The job cuts will impact roughly 4% of the company’s workforce. Rivian, which had just under 15,000 employees at the end of last year, is reportedly making the move to reduce costs and improve efficiency as competition in the EV sector intensifies.
A source familiar with the matter told CNBC that Rivian’s planned layoffs will be announced to employees on Thursday, with more information expected to follow.
The company, along with other electric vehicle makers, is contending with a more difficult market environment.
Recent policy changes under the Trump administration, including the removal of the $7,500 federal tax credit for EV buyers, have added pressure to the already competitive industry.

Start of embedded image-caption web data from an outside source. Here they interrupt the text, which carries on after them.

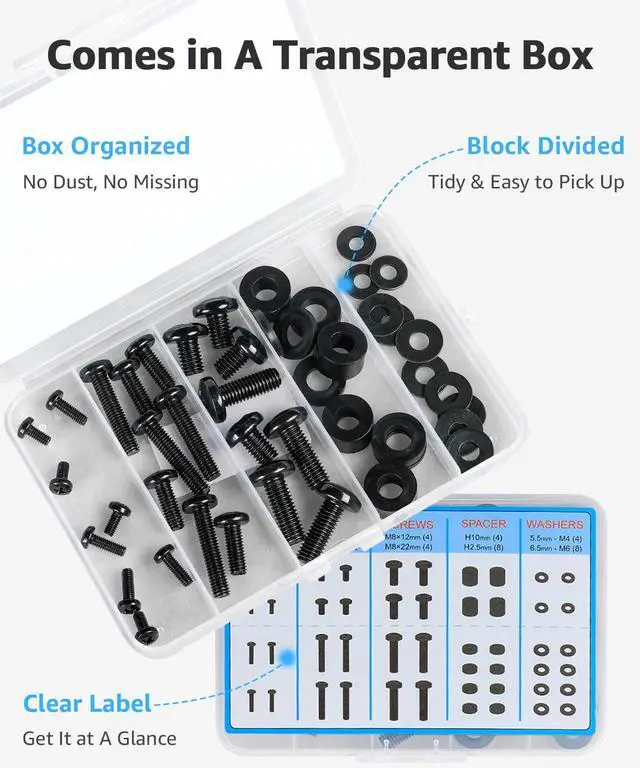 Alt view image 3 of 7 - Universal TV Mounting Hardware Screw Kit with Box - M4 M6 M8 Screws, Spacers & Washers for Most LED LCD OLED 4K TVs, Replacement Screws for TVs/Monitor Mounting, MU9041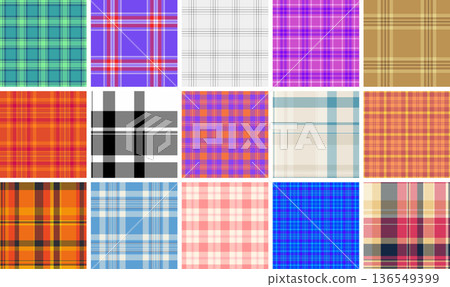 Festive plaid pack created for seasonal campaigns. Coordinated tartan designs suit holiday packaging and marketing. Seamless vectors maintain continuity. Festive plaid pack created for seasonal campaigns. Coordinated tartan designs suit holiday packaging and marketing. Seamless vectors maintain continuity. 136549399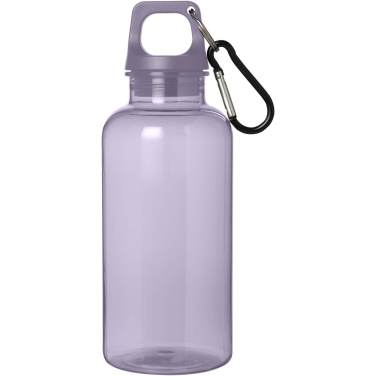 Logo trade advertising product photo of: Oregon 400 ml RCS certified recycled plastic water bottle with carabiner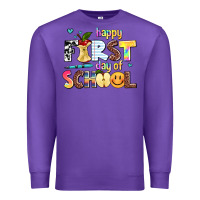 Purple happy first day of school Premium Sweatshirt - AdoDesignShop
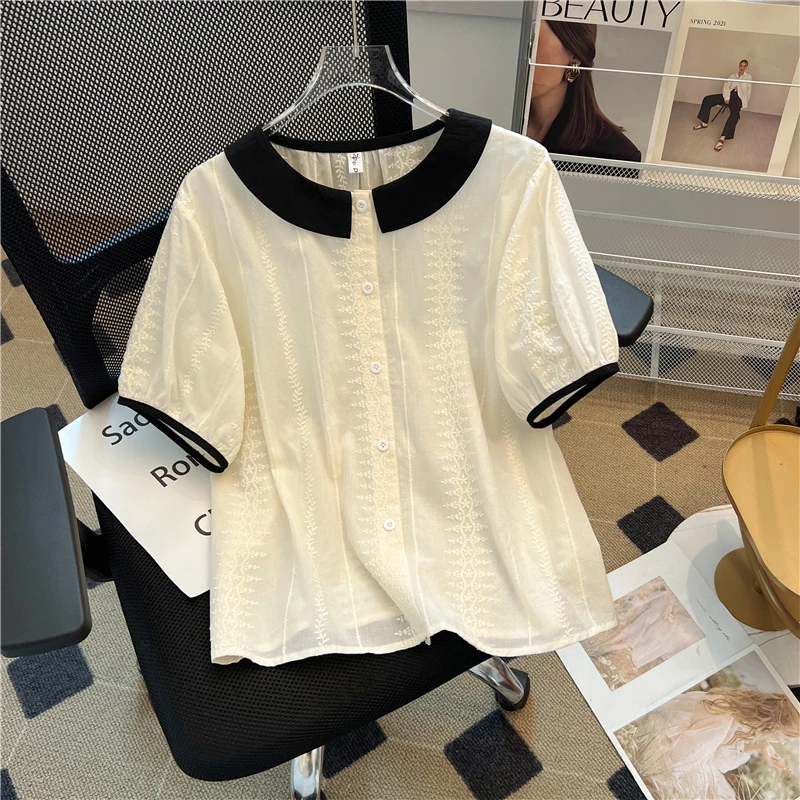 夏季复古气质温柔减龄翻领重工刺绣文艺风短袖设计感小众宽松上衣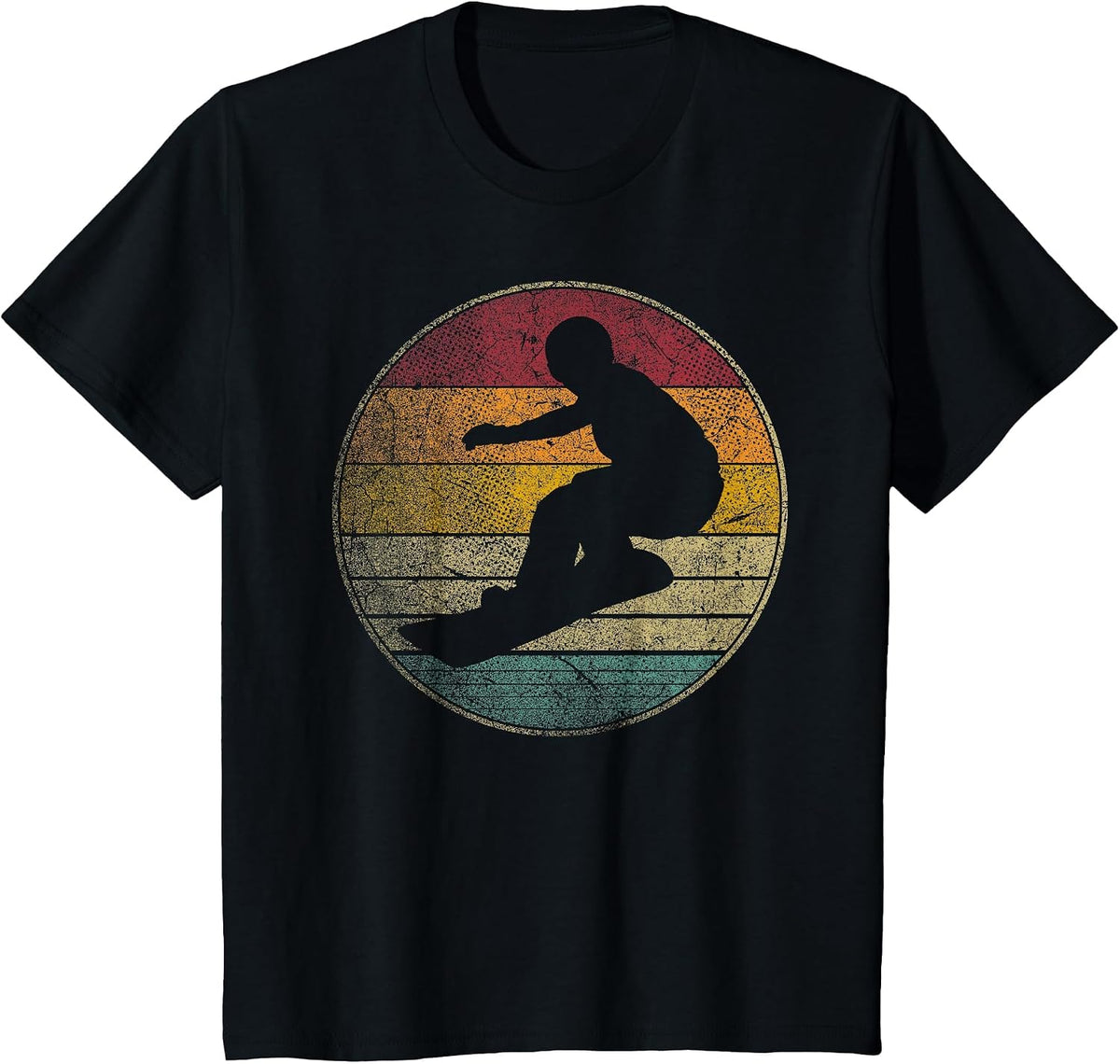 Winter Snowboard Snowboarder - Vintage Love Retro T-Shirt - Black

Beyond regulatory hurdles, Rivian is dealing with weaker-than-expected demand for electric vehicles and has no major product launches planned until next year.
The company is also under pressure to manage its cash reserves after reporting a $1.1 billion loss in the second quarter.
In the third quarter, Rivian delivered 13,201 vehicles — a 32% increase from the same period a year earlier — as many customers rushed to buy electric models before federal incentives ended in September.
Despite the sales bump, the company trimmed its 2025 delivery forecast from a potential 46,000 units to between 41,500 and 43,500.
In August, Rivian revised its forecast for adjusted core losses, now expecting them to total between $2 billion and $2.25 billion. This marks an increase from the earlier projection of $1.7 billion to $1.9 billion.
On Thursday morning, Rivian’s stock remained steady in trading. So far this year, the share price has fallen roughly 3%.